---------- SUPPLIED INFORMATION
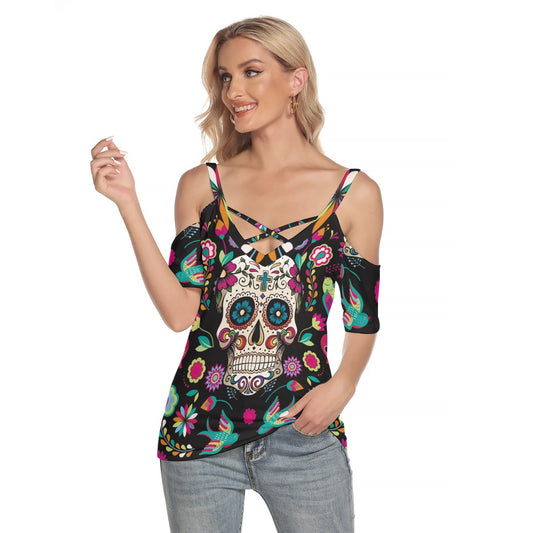 Day of the dead Women's Cold Shoulder T-shirt With Criss Cross Strips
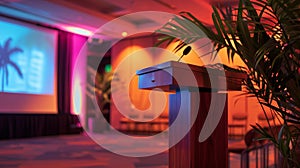 A professionallooking podium stands at the front of the room ready for presentations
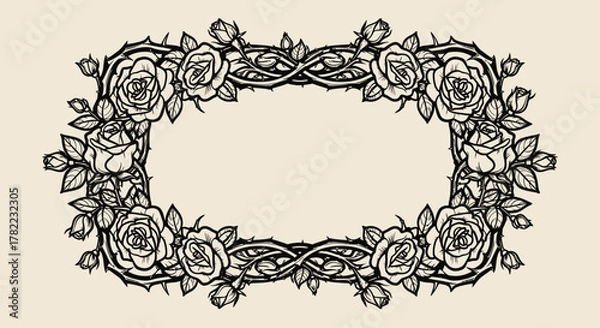 Fototapeta Dramatic Gothic Rose and Thorn Rectangular Frame Design in Bright Studio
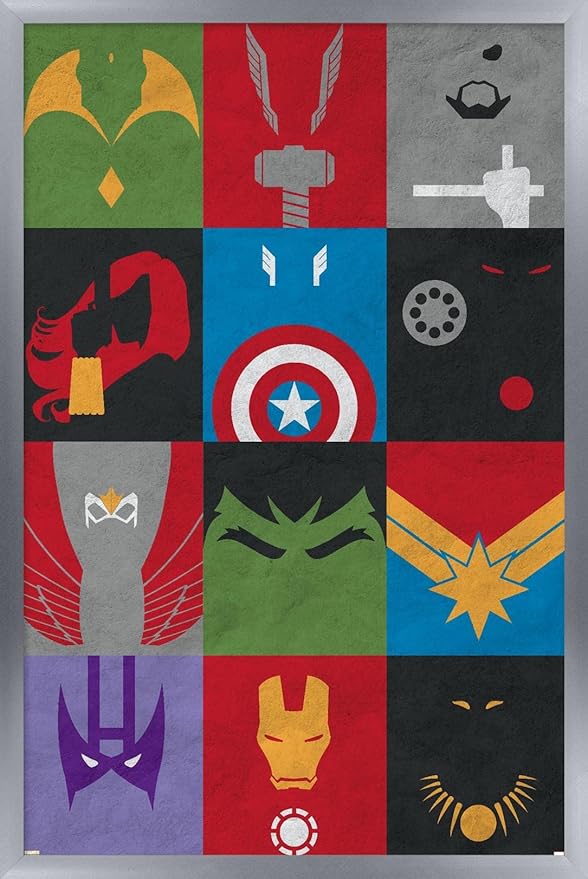 24X36 Marvel Comics Avengers - Minimalist Grid Wall Poster, 36L" x 24W", Silver Framed Version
--------------------
● **WORK REQUIRED**: When you reach a picture, pass over it; write out all other material exactly.

● **RESULT OF THE TASK**:
 Day of the dead Women's Cold Shoulder T-shirt With Criss Cross Strips
 A professionallooking podium stands at the front of the room ready for presentations
 Fototapeta Dramatic Gothic Rose and Thorn Rectangular Frame Design in Bright Studio
 24X36 Marvel Comics Avengers - Minimalist Grid Wall Poster, 36L" x 24W", Silver Framed Version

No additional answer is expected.